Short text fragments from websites

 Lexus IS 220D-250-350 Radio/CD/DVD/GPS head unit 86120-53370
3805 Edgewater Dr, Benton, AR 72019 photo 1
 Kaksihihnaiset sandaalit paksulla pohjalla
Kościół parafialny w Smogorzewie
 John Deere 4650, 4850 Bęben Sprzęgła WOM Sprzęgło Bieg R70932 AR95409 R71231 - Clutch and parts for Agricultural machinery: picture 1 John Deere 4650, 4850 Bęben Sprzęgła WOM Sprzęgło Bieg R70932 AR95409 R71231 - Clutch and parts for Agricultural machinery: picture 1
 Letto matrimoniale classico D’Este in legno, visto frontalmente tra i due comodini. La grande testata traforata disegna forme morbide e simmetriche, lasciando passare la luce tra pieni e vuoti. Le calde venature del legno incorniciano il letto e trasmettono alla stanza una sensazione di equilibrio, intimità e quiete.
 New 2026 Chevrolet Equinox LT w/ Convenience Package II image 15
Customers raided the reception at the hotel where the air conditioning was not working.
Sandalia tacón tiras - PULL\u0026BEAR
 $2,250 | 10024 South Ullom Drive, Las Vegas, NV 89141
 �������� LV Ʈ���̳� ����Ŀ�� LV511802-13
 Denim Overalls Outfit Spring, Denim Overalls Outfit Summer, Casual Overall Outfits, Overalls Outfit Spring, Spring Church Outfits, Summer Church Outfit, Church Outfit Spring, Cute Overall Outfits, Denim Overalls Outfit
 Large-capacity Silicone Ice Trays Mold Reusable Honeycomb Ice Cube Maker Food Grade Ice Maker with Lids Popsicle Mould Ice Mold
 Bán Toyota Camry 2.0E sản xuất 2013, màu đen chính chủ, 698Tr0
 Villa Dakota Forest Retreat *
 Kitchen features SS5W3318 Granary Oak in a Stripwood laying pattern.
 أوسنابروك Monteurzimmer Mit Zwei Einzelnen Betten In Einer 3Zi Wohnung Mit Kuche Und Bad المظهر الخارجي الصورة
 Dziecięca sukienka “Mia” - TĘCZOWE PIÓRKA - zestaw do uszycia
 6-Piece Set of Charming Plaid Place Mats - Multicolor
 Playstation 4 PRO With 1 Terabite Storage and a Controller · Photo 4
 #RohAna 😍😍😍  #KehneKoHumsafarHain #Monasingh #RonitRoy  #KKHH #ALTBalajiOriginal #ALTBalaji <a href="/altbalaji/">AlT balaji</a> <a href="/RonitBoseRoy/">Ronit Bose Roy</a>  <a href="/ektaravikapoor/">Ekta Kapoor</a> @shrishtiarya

## ABOUT THIS TASK
Please return every line from the first one in the records above down to the line containing "Letto matrimoniale classico", including both, exactly as written and nothing more.

## PROBLEM SOLUTION
 Lexus IS 220D-250-350 Radio/CD/DVD/GPS head unit 86120-53370
3805 Edgewater Dr, Benton, AR 72019 photo 1
 Kaksihihnaiset sandaalit paksulla pohjalla
Kościół parafialny w Smogorzewie
 John Deere 4650, 4850 Bęben Sprzęgła WOM Sprzęgło Bieg R70932 AR95409 R71231 - Clutch and parts for Agricultural machinery: picture 1 John Deere 4650, 4850 Bęben Sprzęgła WOM Sprzęgło Bieg R70932 AR95409 R71231 - Clutch and parts for Agricultural machinery: picture 1
 Letto matrimoniale classico D’Este in legno, visto frontalmente tra i due comodini. La grande testata traforata disegna forme morbide e simmetriche, lasciando passare la luce tra pieni e vuoti. Le calde venature del legno incorniciano il letto e trasmettono alla stanza una sensazione di equilibrio, intimità e quiete.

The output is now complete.